Sure, we had acorns in our ass and ants in our armpits but Thurber was our aphrodisiac. How could we have any other reaction than conjugal bliss? After all, this was the man who invented Walter Mitty, the secret alter-ego of us all, the guy who drew funny dogs and most importantly, wrote (with E. B. White) Is Sex Necessary? (we decided it was).
My girlfriend and I finished our ritual and relaxed to survey our kingdom. We had no audience save the whispering Tulip Poplar above his grave. There was no reaction from his nearby parents, Charles and Mary, nor did we provoke a reaction from his brother, Robert. Ours was a solitary body theater, an homage offered to our hometown deity, the New Yorker God of Humor himself, Mr. James Thurber.

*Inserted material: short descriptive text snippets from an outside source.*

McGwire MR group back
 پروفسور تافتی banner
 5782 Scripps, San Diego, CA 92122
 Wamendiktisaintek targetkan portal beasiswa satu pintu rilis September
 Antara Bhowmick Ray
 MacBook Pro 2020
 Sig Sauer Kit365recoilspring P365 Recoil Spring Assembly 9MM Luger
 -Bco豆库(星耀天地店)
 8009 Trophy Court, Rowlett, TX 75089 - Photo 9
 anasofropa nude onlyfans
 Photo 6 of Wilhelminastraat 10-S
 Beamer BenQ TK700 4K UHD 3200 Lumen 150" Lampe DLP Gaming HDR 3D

I reached for my mashed potatoes and gravy. My girlfriend nibbled her biscuit and honey. Ants were already claiming our leftover chicken bones while we pondered the gravity of our situation. There was a wet spot above where Thurber’s chest would be.
“Sorry James,” I said while discretely covering our stain of love with some twigs and leaves.
“Do you think he minded?” my girlfriend asked.
“I doubt it,” I said. “Thurber was a worldly man, I’m sure he enjoyed it. He was a big fan of the theater in New York.”
Still, I wasn’t sure. I never met the man. I was only three when he died.
Beyond the cluster of dead Thurbers were the Fishers, grandparents on his mother’s side. I remembered a story Thurber once wrote of one of his relatives, who, as he lay on his death bed, was offered a teaspoon of lamp oil by a homeopathic doctor who was convinced his remedy was a cure-all. The relative refused. “I’d rather die like a man than live like a lamp,” he uttered before expiring. I have always tried to live by those words.
We put on our clothes and not a moment too soon. Another Thurber pilgrim, a young father and his five-year old daughter, suddenly appeared. The dad had a camera.
“Looking for Thurber?” I asked. He nodded. We brushed our trash away and let him snap a shot. I offered him some coleslaw but he politely refused. I began to suspect that Thurber was seldom lonely. That took some of the burden off of us.
We often peruse the offerings others have left at Thurber’s grave. Candles, loose change, an occasional candy bar, and now we left our own. This grave was certainly no Mecca on par with the likes of, say, Jim Morrison’s grave in Père Lachaise, but it was the best we had in Columbus—unless you liked football, in which case it was Woody Hayes’ grave.
“Don’t count your boobies before they hatch,” I said as a parting gesture, using one of my favorite Thurber maxims. We left a packet of honey on his headstone as a gift.
I drove us home with chicken grease on my fingers and twigs in my ass. We had the kind of bliss that comes only from such intimate literary unions. The next time you are in Columbus you should try it. Just look for Lot 50 in Greenlawn Cemetery. You’ll be glad you did. James will be waiting.
Tags: Literary cemeteries






















They… they wash the headstones regularly, right?
Nature takes care of it, washes the bird poop and…every thing else, right off!
You rascal.
I’m doing the same exact thing, except white meat, at the tomb of Redd Foxx.
Redd Foxx would like it for sure. Good work.
Sorry, I meant Red Foley.
We’re in Nashville.
“We had the kind of bliss that comes only from such intimate literary unions.” You playful little weasels.
exactly the place for greasy chicken fingers, i’d say.